Han pasado trece febreros. Trece febreros y dos días. El invierno era entonces distinto. Más largo, más frío. Yo era un joven de secano que buscaba mensajes en el mar. Hoy, trece febreros y dos días después sé que no hay guaridas para náufragos y que no hay náufrago que no busque, alguna vez, una guarida.

El poeta puede

El poeta puede ver el beso medio lleno o medio vacío El poeta lima El poeta lame El poeta no tiene lema El poeta le busca todas las vueltas a Roma rema que te rema rima que te rima de ramo en ramo El poeta puede volar por los aires y estrellarse en el cielo.
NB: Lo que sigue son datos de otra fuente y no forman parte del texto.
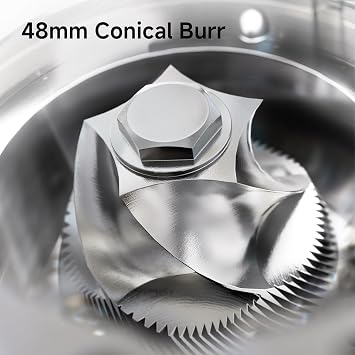 HiBREW G5 Electric Burr Coffee Grinder, Aluminum Body, Single Dose, Black | 48mm Conical Burr with Dual Speed Grinding, 36 Grind Levels,50g Bean Capacity, Quiet & Compact, Anti-Static Design,Espresso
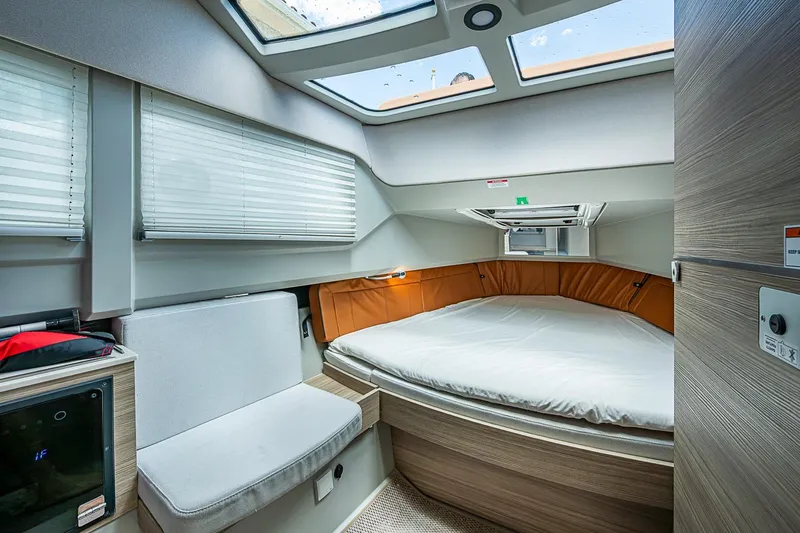 Slide: The Image of Luxurious interior cabin of 2023 Saxdor 320 GTO with modern design and comfortable bedding. - 31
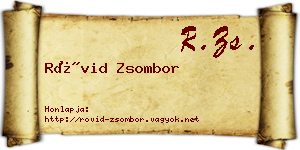 Rövid Zsombor névjegykártya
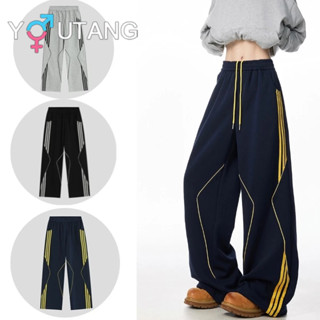 Youtang Quần nỉ thể thao nam nữ phong cách Mỹ mùa thu đông dày thẳng quần sọc thường ngày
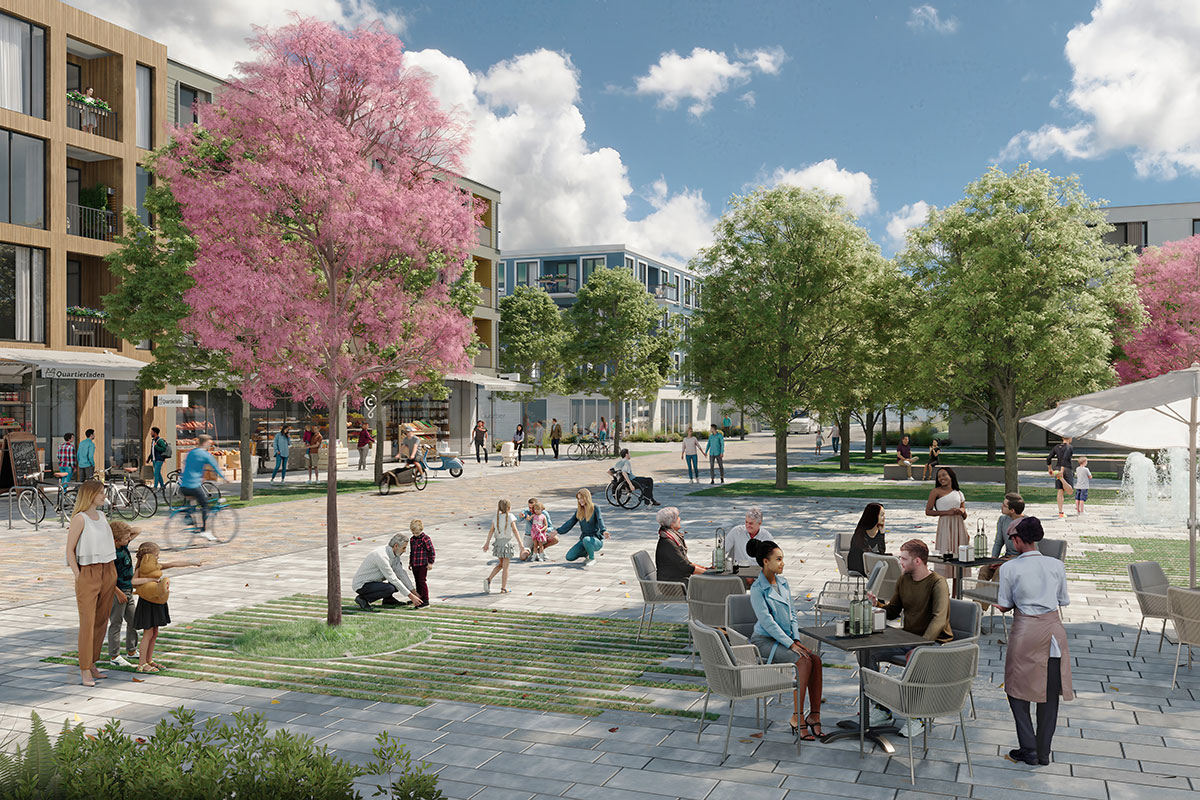 Modell eines Platzes mit Bäumen und umstehenden Häusern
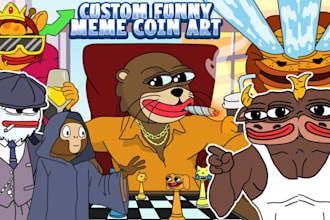 draw funny custom meme coin art for your nft project, website and social media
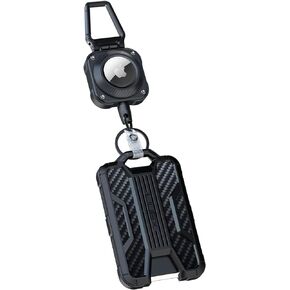 LIUGX Badge Holder with Airtag Retractable Keychain, Heavy Duty Airtag Holder/Case, Durable ID Card Holder (Holds 4 Cards), with 31.5" Retractable Badge Reel Key Chain, 10,000+ Rebound, 8oz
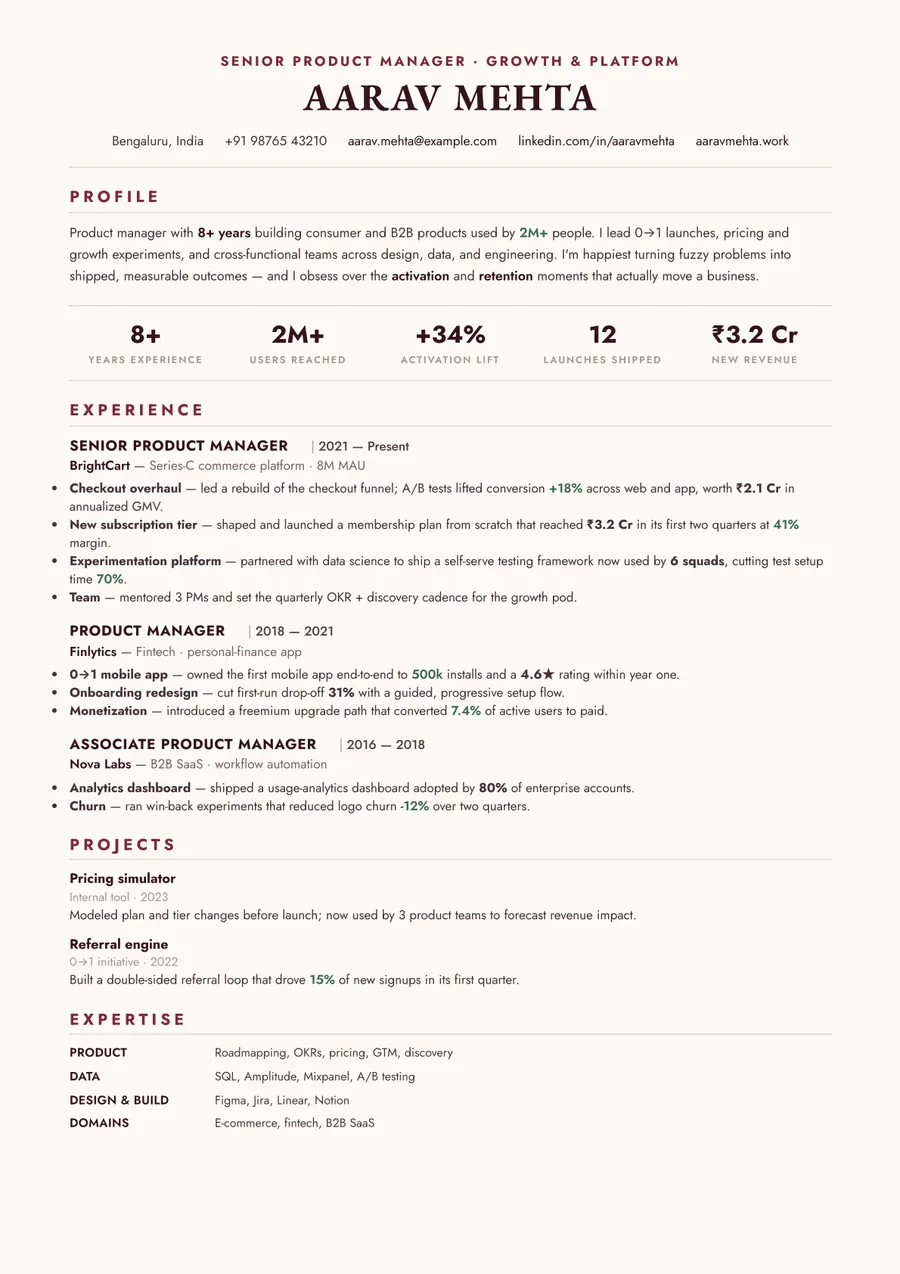 Bordeaux serif Formal resume template — Warm & classic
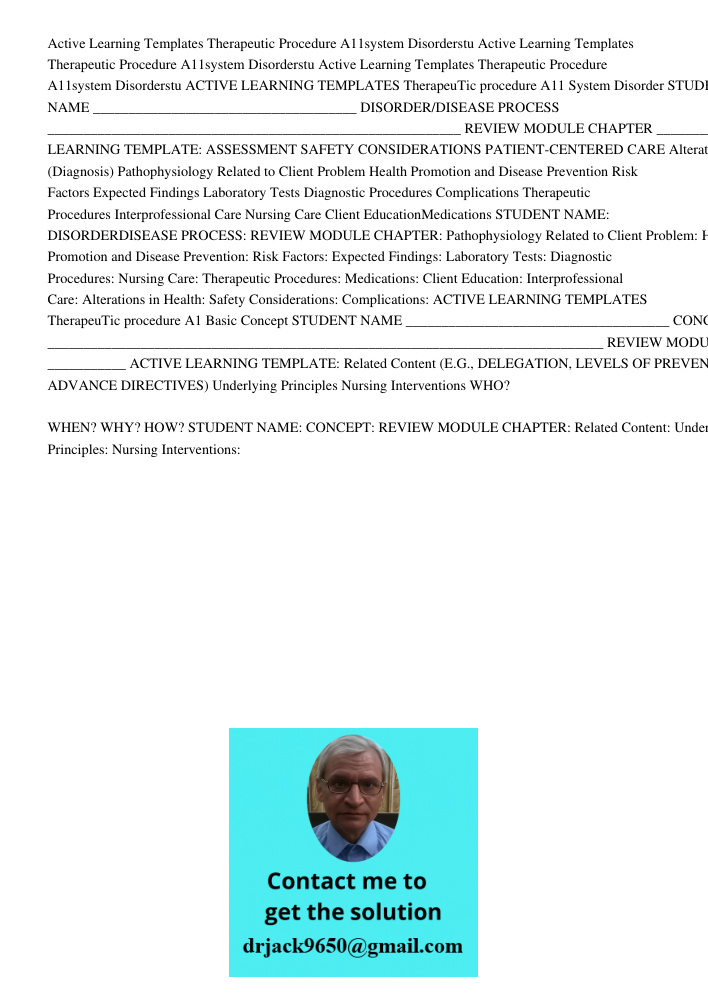 Active Learning Templates Therapeutic Procedure A11system Disorderstu ACTIVE LEARNING TEMPLATES TherapeuTic procedure A11 System Disorder STUDENT NAME _________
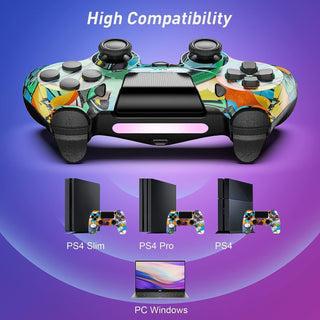 PS-4 Wireless Controller, Wireless Controller with Double Shock/Stereo Headset Jack/Touch Pad(Graffiti Style) (A-1)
Acaso entonces se da cuenta: su poema ha llegado a su ocaso.

Receta para un poema

Un domingo nublado, que sea febrero y tú estés lejos. Tres canciones de Norah Jones, con el volumen no muy alto, para que sepa a complicidad. Una cucharada de invierno, pero pequeña. Tus dos fotos preferidas y una pizca de melancolía. Remover todo suavemente en una cama. Y calentar, calentar a fuego lento debajo de las sábanas. Puede que veinte minutos basten, eso ya depende del gusto de cada cual. Luego, si te apetece, añadir recuerdos con sal y pasear por el Retiro. Importante: no mezclar con alcohol ni humo.